> DIRECTIONS FOR THIS TASK
Could you reproduce, word for word, everything below from the line containing "10 01 17 DbF Training 46" down to the line containing "ROYAL CANIN BHN", with both of those lines included and no others?

> DATA SUPPLIED
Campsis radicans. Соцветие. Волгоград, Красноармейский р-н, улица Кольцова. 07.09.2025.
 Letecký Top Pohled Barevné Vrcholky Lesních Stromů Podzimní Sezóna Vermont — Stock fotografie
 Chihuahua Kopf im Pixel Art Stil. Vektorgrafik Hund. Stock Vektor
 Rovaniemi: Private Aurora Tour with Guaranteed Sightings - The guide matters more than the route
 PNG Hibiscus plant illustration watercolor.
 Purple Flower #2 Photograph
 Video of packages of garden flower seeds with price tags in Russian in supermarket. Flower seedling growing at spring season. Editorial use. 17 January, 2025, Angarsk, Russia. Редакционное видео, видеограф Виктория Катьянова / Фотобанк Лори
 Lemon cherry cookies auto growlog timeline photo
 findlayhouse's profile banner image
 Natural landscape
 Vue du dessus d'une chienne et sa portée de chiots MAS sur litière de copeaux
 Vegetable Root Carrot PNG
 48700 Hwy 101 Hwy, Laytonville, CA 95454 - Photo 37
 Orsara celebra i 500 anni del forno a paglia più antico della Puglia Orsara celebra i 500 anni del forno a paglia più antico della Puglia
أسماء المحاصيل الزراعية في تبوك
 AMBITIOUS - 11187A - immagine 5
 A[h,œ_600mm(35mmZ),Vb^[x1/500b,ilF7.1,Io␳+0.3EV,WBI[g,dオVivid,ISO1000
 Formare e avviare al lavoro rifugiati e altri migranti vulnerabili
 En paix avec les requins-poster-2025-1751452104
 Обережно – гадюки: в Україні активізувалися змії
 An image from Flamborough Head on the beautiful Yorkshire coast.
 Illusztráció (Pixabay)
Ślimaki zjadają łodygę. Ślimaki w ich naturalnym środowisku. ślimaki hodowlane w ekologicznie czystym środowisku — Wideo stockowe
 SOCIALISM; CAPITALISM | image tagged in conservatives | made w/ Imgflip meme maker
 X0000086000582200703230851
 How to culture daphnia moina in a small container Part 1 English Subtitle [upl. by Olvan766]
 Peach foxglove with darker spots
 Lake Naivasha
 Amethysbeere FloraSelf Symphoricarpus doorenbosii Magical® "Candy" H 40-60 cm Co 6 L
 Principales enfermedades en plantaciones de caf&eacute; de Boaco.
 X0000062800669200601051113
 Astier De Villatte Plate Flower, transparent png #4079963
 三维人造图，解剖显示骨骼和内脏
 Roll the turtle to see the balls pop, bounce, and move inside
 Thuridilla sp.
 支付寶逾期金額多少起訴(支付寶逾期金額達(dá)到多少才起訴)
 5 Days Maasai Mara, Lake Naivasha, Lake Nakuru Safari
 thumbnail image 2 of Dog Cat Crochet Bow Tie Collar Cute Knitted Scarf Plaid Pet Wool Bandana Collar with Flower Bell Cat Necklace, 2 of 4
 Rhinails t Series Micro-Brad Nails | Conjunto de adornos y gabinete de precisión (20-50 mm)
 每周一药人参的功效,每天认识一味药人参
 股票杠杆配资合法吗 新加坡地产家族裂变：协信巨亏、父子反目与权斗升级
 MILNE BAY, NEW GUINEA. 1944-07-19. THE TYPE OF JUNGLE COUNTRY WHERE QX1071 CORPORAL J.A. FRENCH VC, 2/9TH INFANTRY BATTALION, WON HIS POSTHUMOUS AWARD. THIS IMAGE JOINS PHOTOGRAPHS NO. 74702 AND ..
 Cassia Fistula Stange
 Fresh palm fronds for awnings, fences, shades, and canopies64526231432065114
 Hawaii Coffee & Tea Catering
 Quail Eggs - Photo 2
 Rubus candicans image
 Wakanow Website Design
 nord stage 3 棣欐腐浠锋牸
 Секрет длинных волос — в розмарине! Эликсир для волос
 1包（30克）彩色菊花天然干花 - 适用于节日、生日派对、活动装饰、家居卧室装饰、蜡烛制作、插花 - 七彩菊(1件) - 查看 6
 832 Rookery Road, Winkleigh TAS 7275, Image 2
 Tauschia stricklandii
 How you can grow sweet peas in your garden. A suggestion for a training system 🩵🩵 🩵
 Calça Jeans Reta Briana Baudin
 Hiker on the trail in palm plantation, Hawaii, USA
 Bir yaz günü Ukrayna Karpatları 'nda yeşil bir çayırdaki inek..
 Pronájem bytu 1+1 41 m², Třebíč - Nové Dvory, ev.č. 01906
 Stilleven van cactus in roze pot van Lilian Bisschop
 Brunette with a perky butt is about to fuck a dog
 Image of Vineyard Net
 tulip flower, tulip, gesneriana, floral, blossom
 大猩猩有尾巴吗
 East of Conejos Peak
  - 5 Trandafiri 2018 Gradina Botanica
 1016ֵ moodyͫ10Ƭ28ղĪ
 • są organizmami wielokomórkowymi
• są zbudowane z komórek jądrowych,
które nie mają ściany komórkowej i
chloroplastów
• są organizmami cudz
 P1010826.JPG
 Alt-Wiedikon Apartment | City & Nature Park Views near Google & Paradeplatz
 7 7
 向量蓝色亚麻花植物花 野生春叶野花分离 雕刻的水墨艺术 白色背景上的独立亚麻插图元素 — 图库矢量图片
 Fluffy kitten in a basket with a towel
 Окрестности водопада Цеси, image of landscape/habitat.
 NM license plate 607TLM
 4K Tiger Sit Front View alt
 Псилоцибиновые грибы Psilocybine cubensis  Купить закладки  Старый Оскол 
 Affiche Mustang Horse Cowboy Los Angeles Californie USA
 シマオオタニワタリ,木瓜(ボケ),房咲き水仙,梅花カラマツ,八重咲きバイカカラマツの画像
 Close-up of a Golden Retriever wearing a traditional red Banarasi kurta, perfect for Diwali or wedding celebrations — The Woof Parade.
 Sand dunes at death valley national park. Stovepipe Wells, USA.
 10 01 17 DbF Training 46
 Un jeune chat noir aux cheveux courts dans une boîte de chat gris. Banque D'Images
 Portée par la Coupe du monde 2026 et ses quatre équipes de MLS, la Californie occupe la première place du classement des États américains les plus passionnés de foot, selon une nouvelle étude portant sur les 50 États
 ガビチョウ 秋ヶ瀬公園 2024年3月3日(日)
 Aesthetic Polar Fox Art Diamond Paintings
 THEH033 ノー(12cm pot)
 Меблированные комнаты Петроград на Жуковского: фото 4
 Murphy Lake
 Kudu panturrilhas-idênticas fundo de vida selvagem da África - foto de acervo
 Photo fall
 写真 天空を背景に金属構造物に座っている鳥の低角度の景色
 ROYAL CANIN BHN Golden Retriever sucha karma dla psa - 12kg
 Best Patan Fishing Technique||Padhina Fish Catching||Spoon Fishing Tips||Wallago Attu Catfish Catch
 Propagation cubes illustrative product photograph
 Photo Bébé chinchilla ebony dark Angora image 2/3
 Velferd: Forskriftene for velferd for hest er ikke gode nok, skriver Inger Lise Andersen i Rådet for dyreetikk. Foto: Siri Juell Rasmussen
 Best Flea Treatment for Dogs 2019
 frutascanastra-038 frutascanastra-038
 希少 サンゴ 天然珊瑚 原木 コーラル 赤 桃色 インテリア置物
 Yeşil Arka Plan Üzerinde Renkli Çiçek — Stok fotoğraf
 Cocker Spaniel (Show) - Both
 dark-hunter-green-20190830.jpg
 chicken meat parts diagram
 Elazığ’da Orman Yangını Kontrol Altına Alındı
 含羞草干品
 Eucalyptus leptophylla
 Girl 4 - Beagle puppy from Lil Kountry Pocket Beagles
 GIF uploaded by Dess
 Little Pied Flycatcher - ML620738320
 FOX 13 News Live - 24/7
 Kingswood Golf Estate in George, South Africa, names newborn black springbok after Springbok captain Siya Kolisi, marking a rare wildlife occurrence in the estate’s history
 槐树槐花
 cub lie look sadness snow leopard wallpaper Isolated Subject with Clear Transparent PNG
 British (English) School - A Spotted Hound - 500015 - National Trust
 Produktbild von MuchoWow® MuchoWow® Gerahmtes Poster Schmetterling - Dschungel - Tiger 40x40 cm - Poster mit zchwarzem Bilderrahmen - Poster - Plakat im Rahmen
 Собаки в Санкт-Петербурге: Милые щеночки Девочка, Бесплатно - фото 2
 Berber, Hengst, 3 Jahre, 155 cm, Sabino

> TASK SOLUTION
 10 01 17 DbF Training 46
 Un jeune chat noir aux cheveux courts dans une boîte de chat gris. Banque D'Images
 Portée par la Coupe du monde 2026 et ses quatre équipes de MLS, la Californie occupe la première place du classement des États américains les plus passionnés de foot, selon une nouvelle étude portant sur les 50 États
 ガビチョウ 秋ヶ瀬公園 2024年3月3日(日)
 Aesthetic Polar Fox Art Diamond Paintings
 THEH033 ノー(12cm pot)
 Меблированные комнаты Петроград на Жуковского: фото 4
 Murphy Lake
 Kudu panturrilhas-idênticas fundo de vida selvagem da África - foto de acervo
 Photo fall
 写真 天空を背景に金属構造物に座っている鳥の低角度の景色
 ROYAL CANIN BHN Golden Retriever sucha karma dla psa - 12kg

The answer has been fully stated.